D.C. Mayor Marion Barry's new scholarship fund for economically disadvantaged students got a boost yesterday from a Japanese real estate development company, which presented a check for $100,000 to the mayor to help needy "at risk" youth attend the University of the District of Columbia or a vocational school in the city.
Takaji Kobayashi, 34, president of Shuwa Investments Corp., handed over the check to Barry in the mayor's office and said the contribution is part of the firm's "good neighbor" efforts in communities where Shuwa has real estate holdings.
Barry, whose State of the District message Tuesday included an ambitious program to help inner-city youth stay in school and out of trouble with the law, said he hoped to build the fund through other corporate contributions.

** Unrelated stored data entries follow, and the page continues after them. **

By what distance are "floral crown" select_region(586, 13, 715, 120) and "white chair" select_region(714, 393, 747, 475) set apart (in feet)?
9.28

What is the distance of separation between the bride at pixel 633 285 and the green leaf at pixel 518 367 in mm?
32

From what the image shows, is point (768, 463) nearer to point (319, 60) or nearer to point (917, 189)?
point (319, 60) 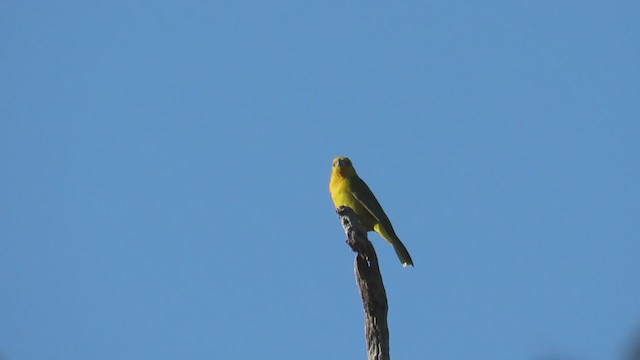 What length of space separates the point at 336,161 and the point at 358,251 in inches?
138

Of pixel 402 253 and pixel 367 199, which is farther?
pixel 367 199

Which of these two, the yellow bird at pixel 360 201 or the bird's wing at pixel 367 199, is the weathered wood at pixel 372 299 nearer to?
the yellow bird at pixel 360 201

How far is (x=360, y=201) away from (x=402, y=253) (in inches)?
31.2

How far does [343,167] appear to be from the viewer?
11617 mm

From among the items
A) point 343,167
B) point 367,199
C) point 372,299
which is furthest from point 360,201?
point 372,299

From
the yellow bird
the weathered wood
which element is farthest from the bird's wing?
the weathered wood

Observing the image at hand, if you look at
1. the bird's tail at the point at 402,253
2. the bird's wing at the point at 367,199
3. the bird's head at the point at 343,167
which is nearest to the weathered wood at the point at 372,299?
the bird's tail at the point at 402,253

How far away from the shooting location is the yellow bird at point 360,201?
10531mm

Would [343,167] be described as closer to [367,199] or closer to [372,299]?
[367,199]

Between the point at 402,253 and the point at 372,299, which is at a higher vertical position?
the point at 402,253

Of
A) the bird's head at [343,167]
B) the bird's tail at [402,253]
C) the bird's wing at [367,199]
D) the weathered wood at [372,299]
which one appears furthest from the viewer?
the bird's head at [343,167]

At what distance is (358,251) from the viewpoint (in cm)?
833

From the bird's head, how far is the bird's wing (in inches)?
6.1

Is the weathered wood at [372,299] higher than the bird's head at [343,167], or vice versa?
the bird's head at [343,167] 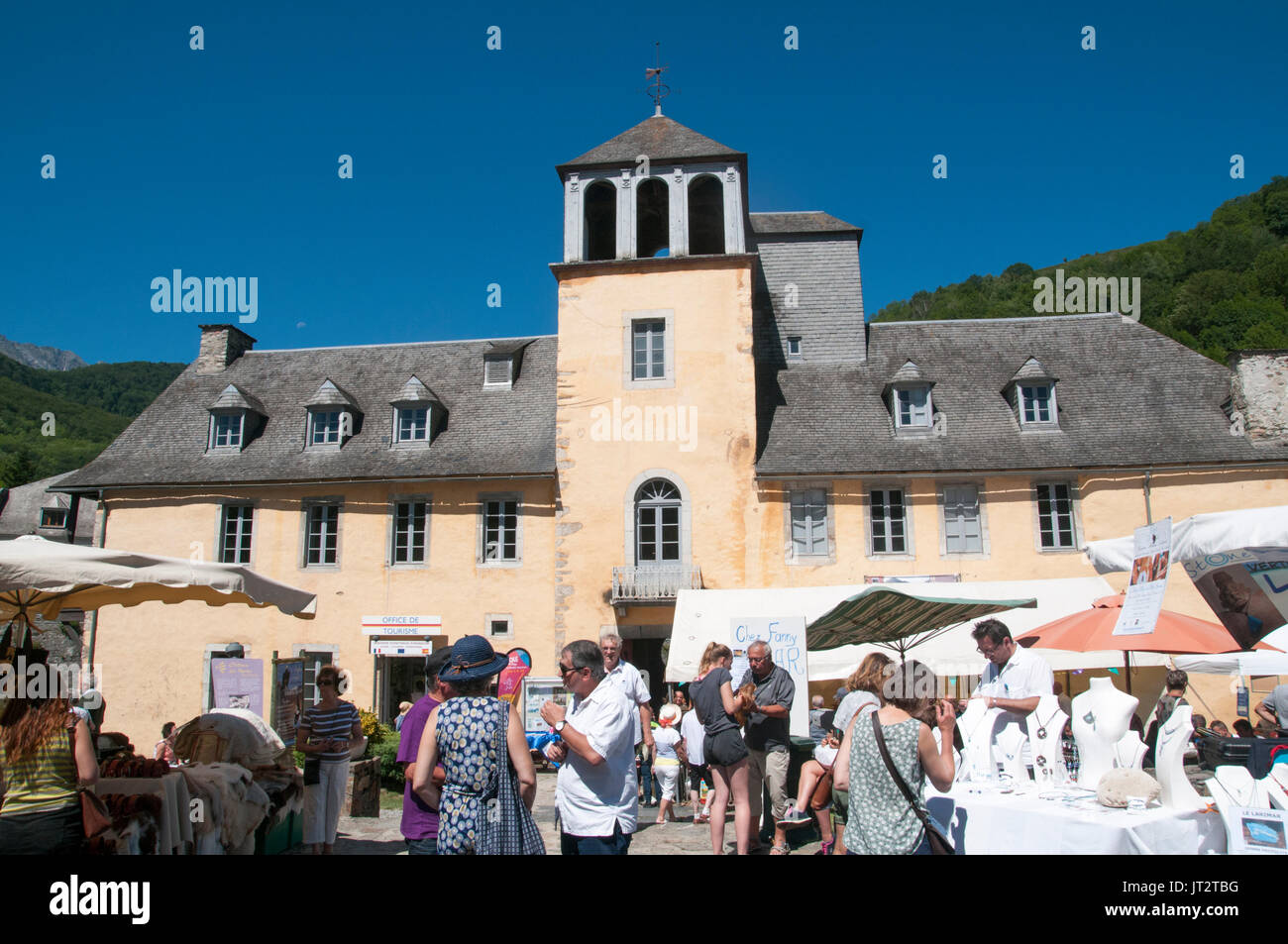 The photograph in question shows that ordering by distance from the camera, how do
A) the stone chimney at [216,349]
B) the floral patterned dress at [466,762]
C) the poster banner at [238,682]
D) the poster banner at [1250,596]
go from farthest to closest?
the stone chimney at [216,349], the poster banner at [238,682], the poster banner at [1250,596], the floral patterned dress at [466,762]

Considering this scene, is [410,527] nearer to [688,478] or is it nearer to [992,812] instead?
[688,478]

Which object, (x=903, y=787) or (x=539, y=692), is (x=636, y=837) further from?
(x=539, y=692)

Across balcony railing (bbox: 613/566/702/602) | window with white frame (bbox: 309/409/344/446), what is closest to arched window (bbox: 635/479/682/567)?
balcony railing (bbox: 613/566/702/602)

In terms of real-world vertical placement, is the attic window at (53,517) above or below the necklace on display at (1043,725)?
above

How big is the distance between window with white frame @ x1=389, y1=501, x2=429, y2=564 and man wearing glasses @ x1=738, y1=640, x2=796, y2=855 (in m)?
13.9

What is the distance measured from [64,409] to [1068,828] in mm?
66025

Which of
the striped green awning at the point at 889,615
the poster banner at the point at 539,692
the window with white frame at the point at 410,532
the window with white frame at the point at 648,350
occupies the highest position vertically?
the window with white frame at the point at 648,350

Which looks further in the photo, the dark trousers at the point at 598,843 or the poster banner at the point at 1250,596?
the poster banner at the point at 1250,596

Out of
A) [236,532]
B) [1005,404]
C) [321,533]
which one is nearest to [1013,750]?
[1005,404]

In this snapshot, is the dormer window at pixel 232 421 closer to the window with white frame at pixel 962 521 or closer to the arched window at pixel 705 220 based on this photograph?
the arched window at pixel 705 220

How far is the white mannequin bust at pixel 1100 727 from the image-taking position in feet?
20.6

"I truly believe that the cycle of poverty can be broken if one receives a good education that leads to solid employment," Barry said. "This generous donation from Shuwa Investments will give us a marvelous start for the scholarship program . . . . We found that in this materialistic society, young people respond to the money."
Audrey Rowe, the mayor's special assistant for human resources development, said the scholarship program will target fourth-grade pupils from poor households. These pupils, selected from 10 classes, will be counseled and monitored and guaranteed scholarships to UDC or a technical school when they graduate from high school.

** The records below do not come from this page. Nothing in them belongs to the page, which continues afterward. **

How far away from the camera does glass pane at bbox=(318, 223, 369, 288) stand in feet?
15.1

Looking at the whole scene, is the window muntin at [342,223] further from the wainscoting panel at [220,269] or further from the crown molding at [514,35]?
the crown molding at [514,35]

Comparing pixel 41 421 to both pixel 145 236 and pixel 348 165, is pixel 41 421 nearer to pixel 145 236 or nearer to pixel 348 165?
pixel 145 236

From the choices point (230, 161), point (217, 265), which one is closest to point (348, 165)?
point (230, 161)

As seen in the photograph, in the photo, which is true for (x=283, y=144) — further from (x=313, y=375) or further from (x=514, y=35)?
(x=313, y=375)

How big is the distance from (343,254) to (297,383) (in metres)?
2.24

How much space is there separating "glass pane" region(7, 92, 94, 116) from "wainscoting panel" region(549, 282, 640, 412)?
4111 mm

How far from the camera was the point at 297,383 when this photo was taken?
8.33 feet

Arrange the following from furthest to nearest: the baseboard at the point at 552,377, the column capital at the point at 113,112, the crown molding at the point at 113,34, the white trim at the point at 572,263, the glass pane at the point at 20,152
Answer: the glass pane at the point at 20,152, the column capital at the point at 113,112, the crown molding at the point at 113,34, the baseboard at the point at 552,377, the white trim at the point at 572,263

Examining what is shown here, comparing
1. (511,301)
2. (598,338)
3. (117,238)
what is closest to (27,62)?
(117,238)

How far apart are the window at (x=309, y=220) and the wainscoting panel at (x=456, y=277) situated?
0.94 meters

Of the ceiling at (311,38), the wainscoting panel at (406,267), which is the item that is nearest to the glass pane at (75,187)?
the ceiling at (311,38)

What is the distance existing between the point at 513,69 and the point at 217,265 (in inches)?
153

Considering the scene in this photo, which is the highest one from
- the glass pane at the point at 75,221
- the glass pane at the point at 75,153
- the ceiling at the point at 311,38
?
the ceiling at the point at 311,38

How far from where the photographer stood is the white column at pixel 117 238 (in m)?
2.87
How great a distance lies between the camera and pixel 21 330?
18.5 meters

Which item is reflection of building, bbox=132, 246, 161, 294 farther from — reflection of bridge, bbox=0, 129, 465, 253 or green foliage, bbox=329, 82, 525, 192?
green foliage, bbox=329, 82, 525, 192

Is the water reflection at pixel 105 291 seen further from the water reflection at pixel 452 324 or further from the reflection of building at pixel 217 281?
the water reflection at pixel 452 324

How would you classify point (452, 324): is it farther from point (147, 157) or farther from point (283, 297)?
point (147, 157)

The scholarship program will aid about 350 students in its first year.
"This is the first actual, tangible business contribution to the fund," said Barry. "We think this will be a catalyst for others."
Under the scholarship program, officials said, an organization or business may sponsor a youth for $8,000 or a class of 35 for $280,000.
Shuwa, which recently purchased the U.S. News & World Report Building here, is a Los Angeles-based firm involved in property development, acquisition and management. Its president is the son of the chairman of the Shuwa Corp. in Tokyo.
The company, which Barry said has no business dealings with the District government, has contributed $700,000 to various programs in Los Angeles and New York, according to company officials.